EXERCISE DIRECTIONS: Only the lines from the one containing "Members of the" through the end of the entries are to be copied, exactly and without pictures, please.

INFORMATION GIVEN:

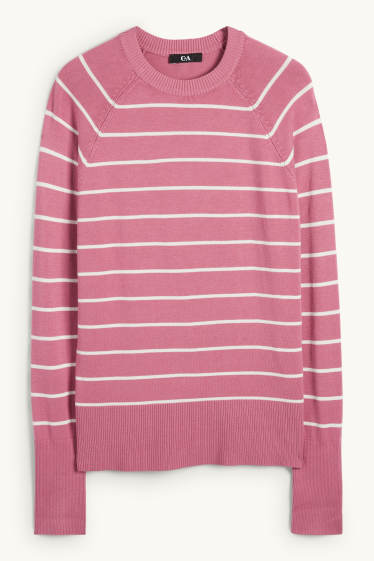 Women - Fine knit jumper - striped - pink
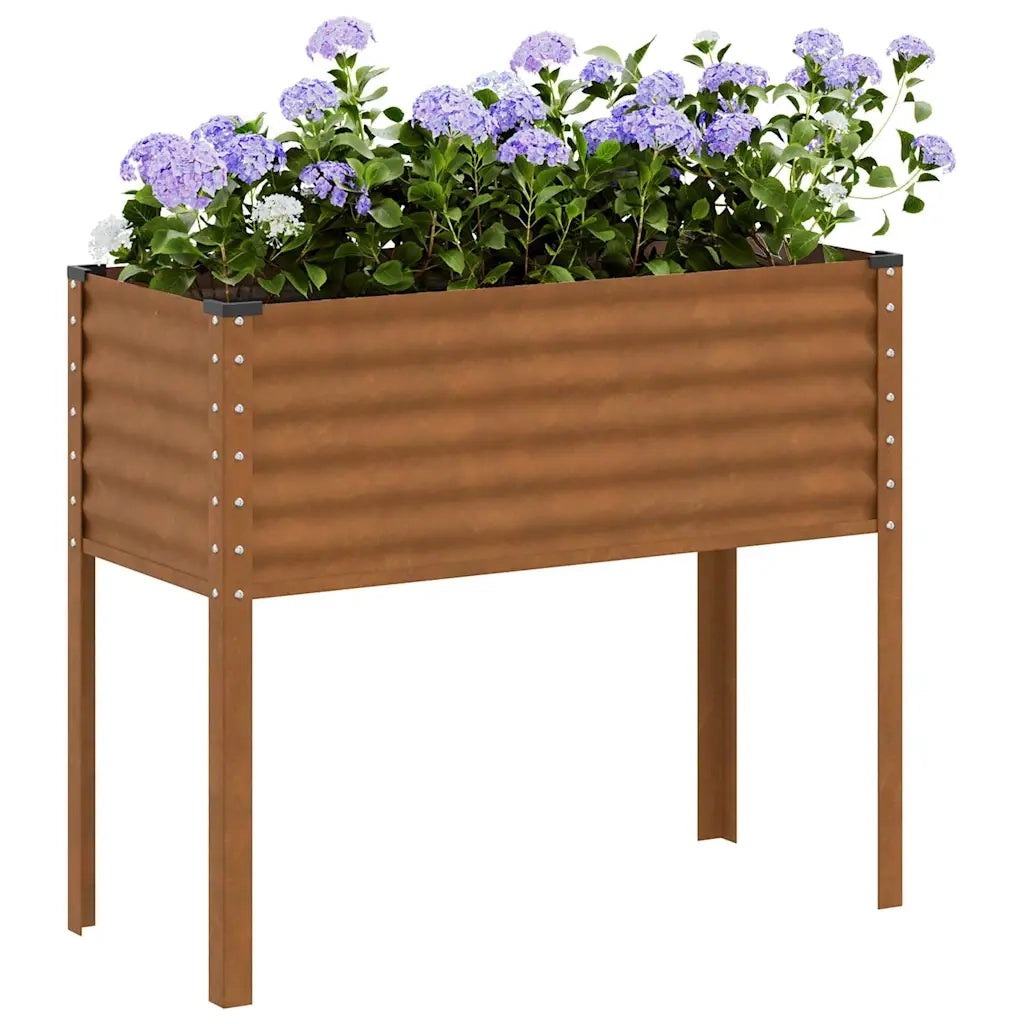 Fioriera da giardino 100x45x90 cm in acciaio corten 4008974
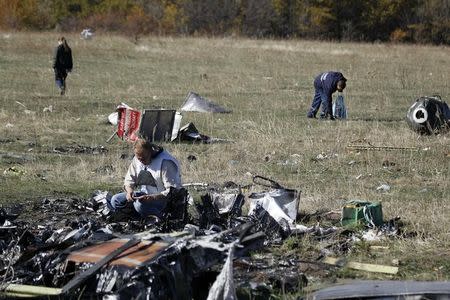 Members of the recovery team work at the site where the downed Malaysia Airlines flight MH17 crashed, near the village of Hrabove (Grabovo) in Donetsk region, eastern Ukraine, October 13, 2014. REUTERS/Shamil Zhumatov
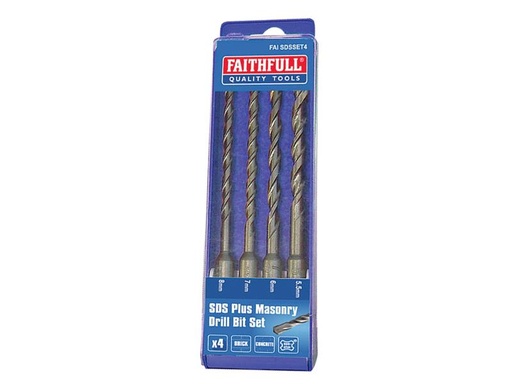 [FAISDSSET4] SDS Plus Drill Bit Set, 4 Piece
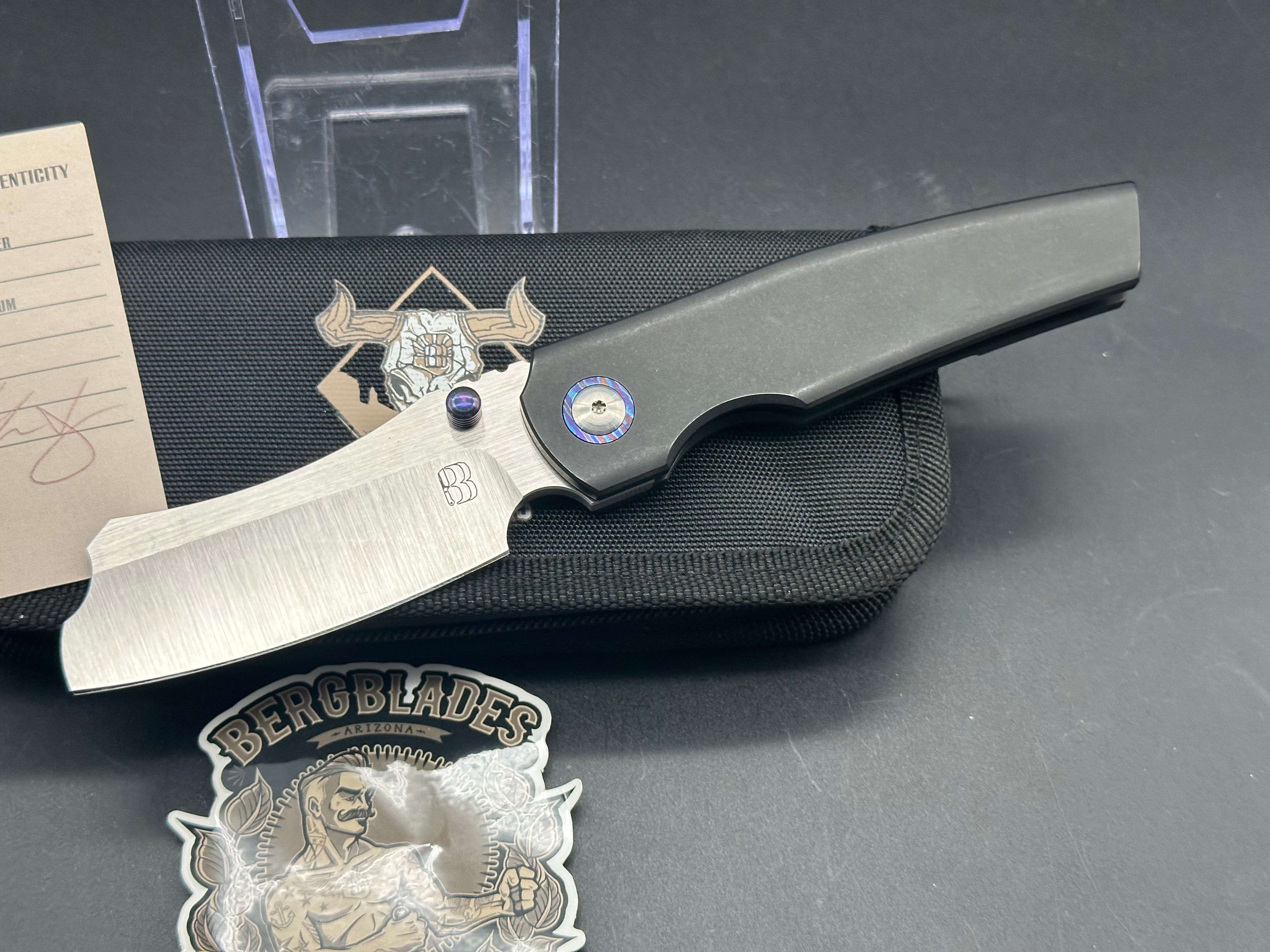 Premium Berg Barber M390 Folding Knife with Zirconium Scales, Thumb Studs & Back Spacer - Limited Edition 41/50 - EDC, Outdoor Survival & Collectors Knife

TASK RESPONSE:
 Members of the recovery team work at the site where the downed Malaysia Airlines flight MH17 crashed, near the village of Hrabove (Grabovo) in Donetsk region, eastern Ukraine, October 13, 2014. REUTERS/Shamil Zhumatov
 [FAISDSSET4] SDS Plus Drill Bit Set, 4 Piece
 Premium Berg Barber M390 Folding Knife with Zirconium Scales, Thumb Studs & Back Spacer - Limited Edition 41/50 - EDC, Outdoor Survival & Collectors Knife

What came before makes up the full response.